Task instructions:
Go to the line below that has "文玩核桃把件四座楼41", print it and each line after it exactly, and stop after the line that has "اتاق استاندارد سه نفره, Rössmund Lodge"; leave out pictures.

==== Material supplied

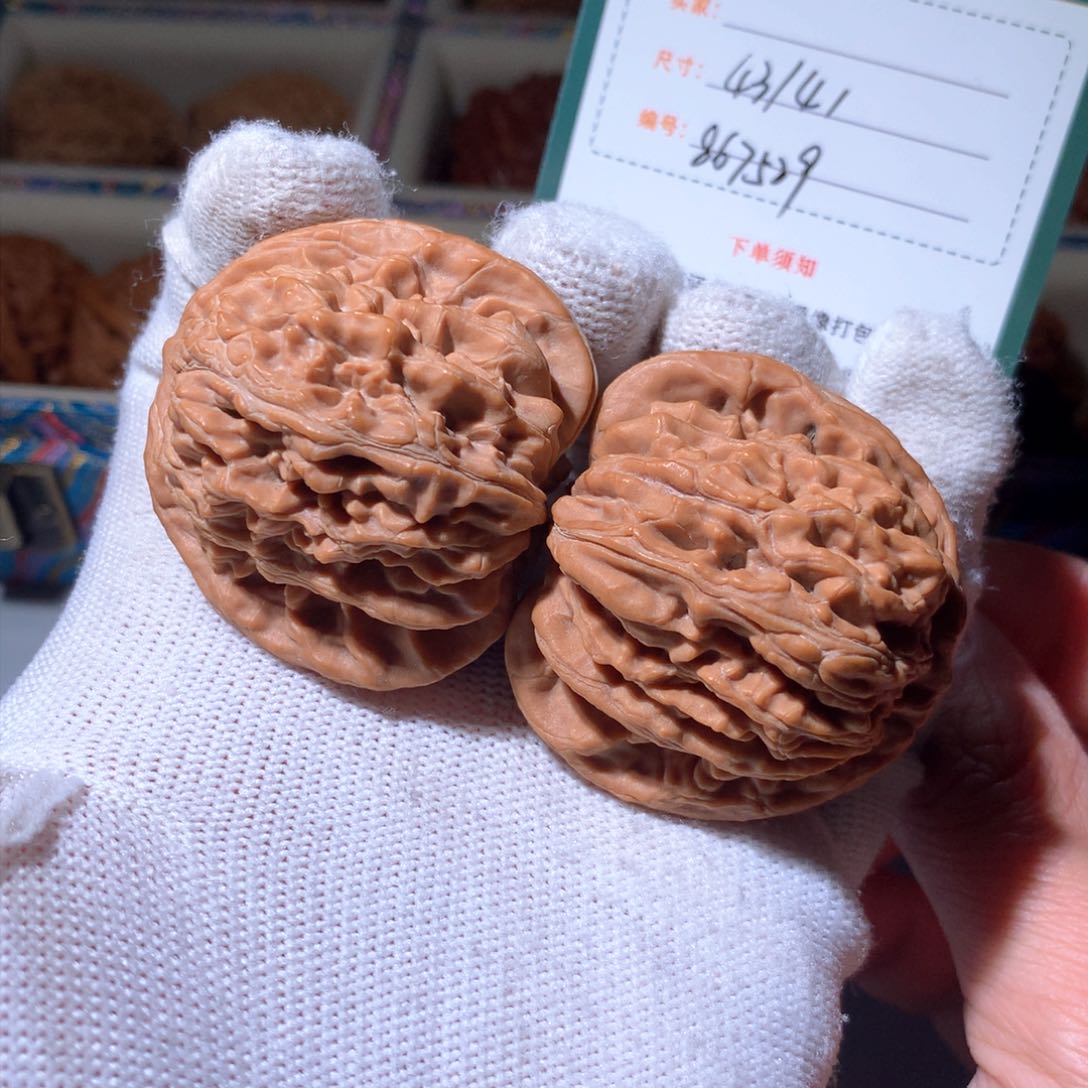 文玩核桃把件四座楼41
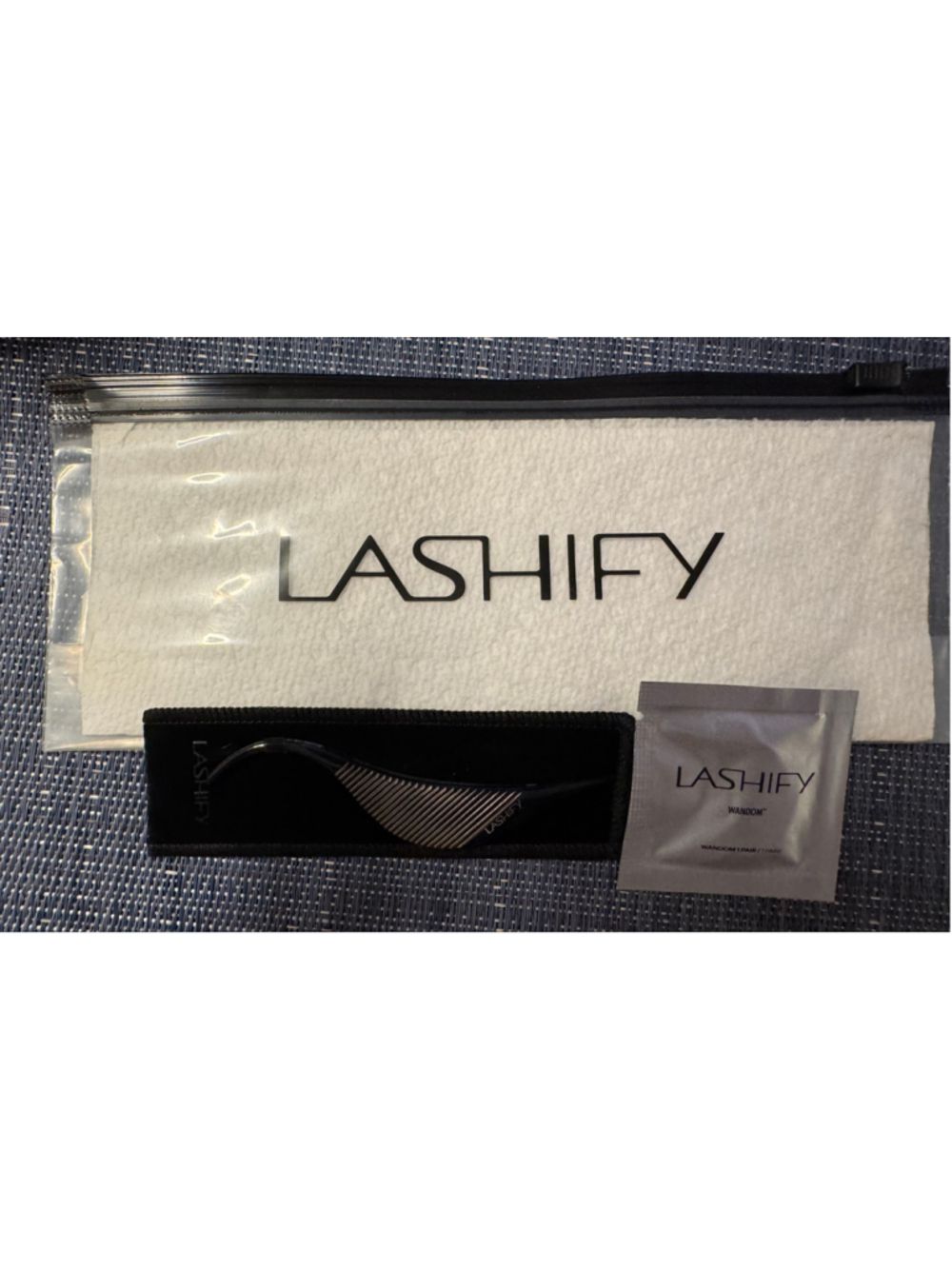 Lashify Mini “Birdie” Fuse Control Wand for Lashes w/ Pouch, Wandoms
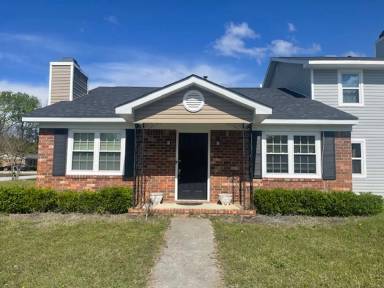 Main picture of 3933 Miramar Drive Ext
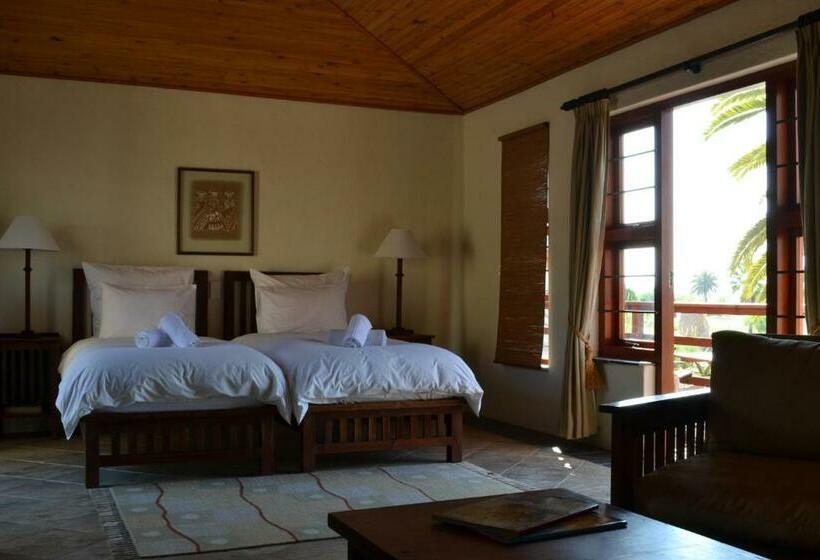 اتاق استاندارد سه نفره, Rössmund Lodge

========
==== Material supplied

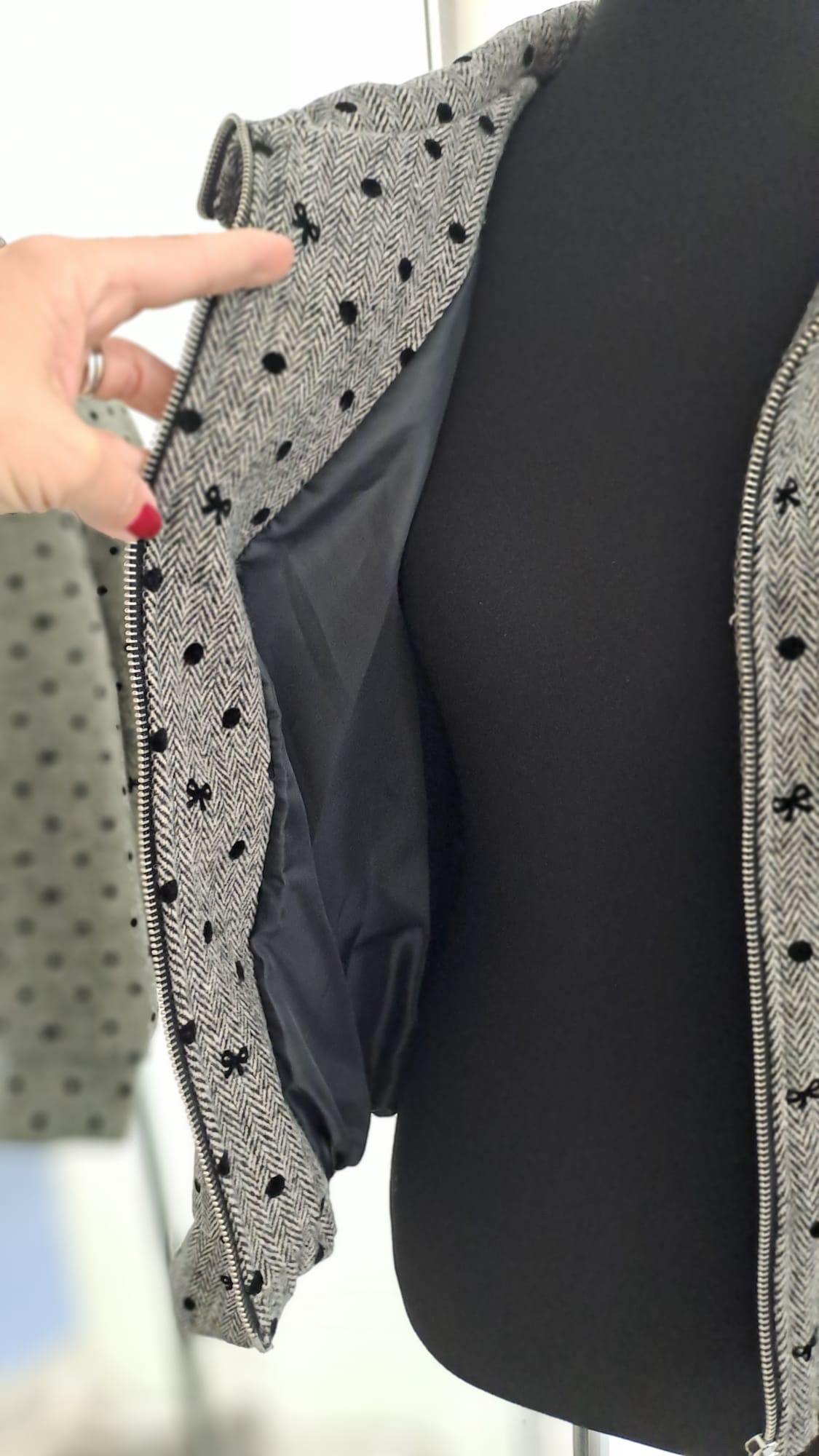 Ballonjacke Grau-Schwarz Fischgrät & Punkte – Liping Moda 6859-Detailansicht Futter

========
==== Material supplied

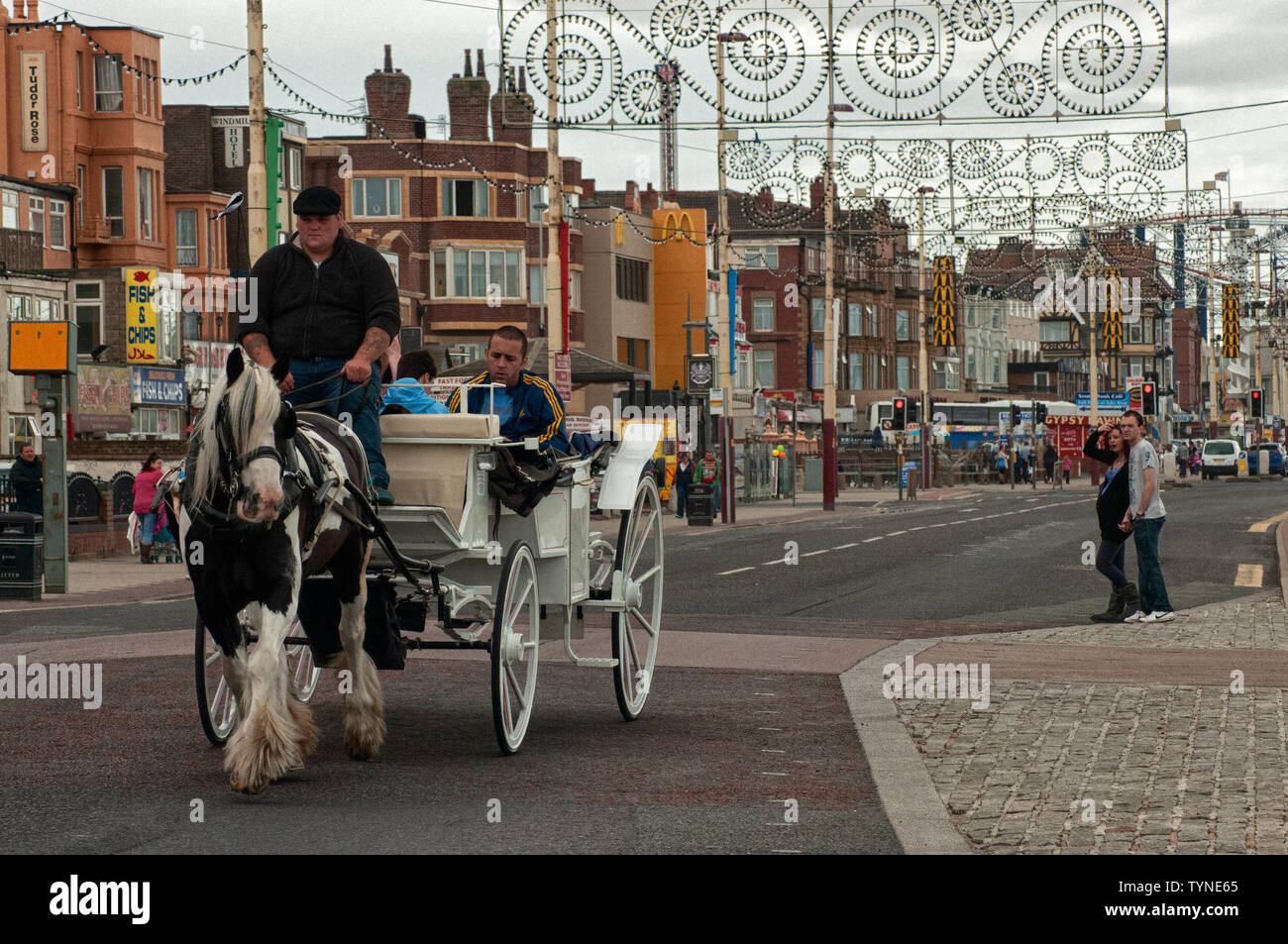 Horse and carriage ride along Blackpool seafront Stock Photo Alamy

========

Reply:
 文玩核桃把件四座楼41
 Lashify Mini “Birdie” Fuse Control Wand for Lashes w/ Pouch, Wandoms
 Main picture of 3933 Miramar Drive Ext
 اتاق استاندارد سه نفره, Rössmund Lodge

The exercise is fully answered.